Hello,

Using a darlington transistor will change the calculations, due to the double be voltage

Bertus

 

Hello,

Using a darlington transistor will change the calculations, due to the double be voltage

Bertus

So I can not use the 2N6294 silicon NPN Darlington transistor?

 

Hello,

Did you notice the smily Johny posted?
Perhaps he hinted that there might be a problem finding the transistor

Bertus

 

Hello,

Did you notice the smily Johny posted?
Perhaps he hinted that there might be a problem finding the transistor
Bertus

Haha, he is trying to fool me
You have any idea what I can do next? If I can't find the transistor, what can I then do?

 

Your ask is a little extreme.

Beta greater than 100 is desirable, beta greater than 50 is workable. You will need a to220 or beefier device. And that's not difficult to find, among singles, Darlington or MOSFETs.

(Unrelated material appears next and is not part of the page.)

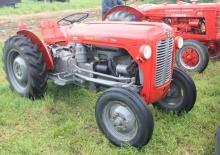 Трактори със задно задвижване Massey Ferguson 835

It is a fairly straight design. You just happen to be on the wrong path.

 

Your ask is a little extreme.

Beta greater than 100 is desirable, beta greater than 50 is workable. You will need a to220 or beefier device. And that's not difficult to find, among singles, Darlington or MOSFETs.

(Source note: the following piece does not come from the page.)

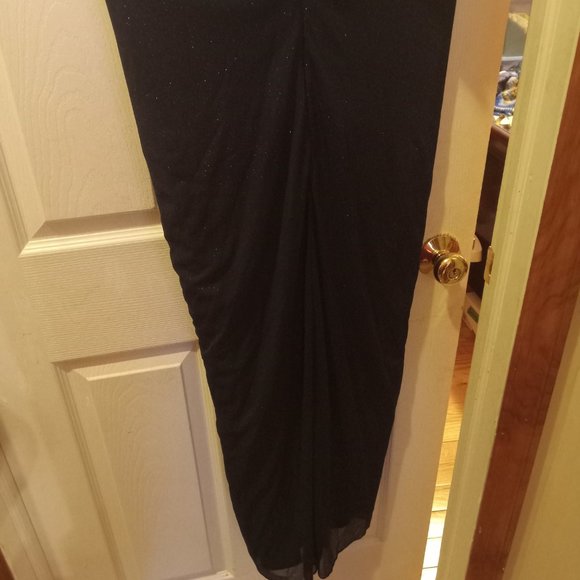 Evening Gown - Picture 3 of 3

It is a fairly straight design. You just happen to be on the wrong path.

Maybe I am a fool, but I can still not understand how to determine the rest of the resistances. Does it means I have to redesign the circuit?

 

The original ask is a little extreme in that 1. It has a class a output stage delivering substantial current and 2 it asks for low open loop gain. The first issue is typically addressed with a class b output stage and the second issue with closed loop.

Anyway, the key is to maximize your gain in the VAs, assuming the loading from the output is minor.

You will then pick the VAs idle current so it can deliver sufficient current to drive the ops. This will depend on the assumed beta of your ops device.

Once the VAs idle current is picked, Rc can be easily calculated.

Re is 2kohm time half of the input stage tail current minus vbe, divided by VAs idle current.

From RC and Re, you calculate the gain of VAs. From that you know how much gain you have to get out of the input stage, thus those two Re resistors value.

 

So some examples. The max load current is about 150ma. So ops idles at 200ma. That means it's emitter resistor is about 22/0.2 ohm.

Assuming a beta of 100, ib is 2ma. We then idle VAs at 4ma. That means VAs collector resistor is (22 +0.7) / 4 or 5kohm.

Voltage over the re resistor is 2k x 1.8ma - 0.7v, or 3v. At 4ma, a resistance of 750ohm.

Thus VAs has a gain of 5/0.7, or 7x.

That means the input stage has to have a gain of 15x. So re resistor there should have a value of 2000 / 15 / 2, or 70 if my math is right.

Because it is open loop, the above will not actually produce a 100x overall gain (likely lower) but the general gist is the same.

 

Using the value calculated above, I got a gain of 20x -> because I had assumed single-ended input signal when you are using differential. So the Re resistors for the input stage should have a value of 140ohm vs. 70ohm above. That brought down the gain to 10x.

OPS used a 3055 -> beta is 100x.

 

The output doesn't sit at 0v at idle, but below ground due to the fact that we did not count for the loading of OPS on the VAS. The cure is to increase the VAS idle current.

 

I still can't understand. But thanks for the help. The assignment deadline is tomorrow night. So thank you all for having patience with me, because I find this analog design very difficult.

 

Did your teacher or professor give you any information about transistor parameter? Q3 is a VAS stage (Voltage amplifier stage).
And how you are gonna to check if the amplifier meets the design requirements?

 

Did your teacher or professor give you any information about transistor parameter? Q3 is a VAS stage (Voltage amplifier stage).
And how you are gonna to check if the amplifier meets the design requirements?

He haven't given any information about transistor parameter.

 

"I still can't understandunderstand"

That's why I always tell people that you get to your destination faster if you take a step at a time. Understanding the basics goes a long way getting you to work comfortably with complex projects.

 

How did you and Darlington are going to get a temperature-stable zero volts on the output of the amplifier? This theoretical research or layout will be made? I will offer its own version of a push-pull output and temperature stabilization (post #29). In my case it is not necessary a large output transistor quiescent current and do not need a radiator-cooler.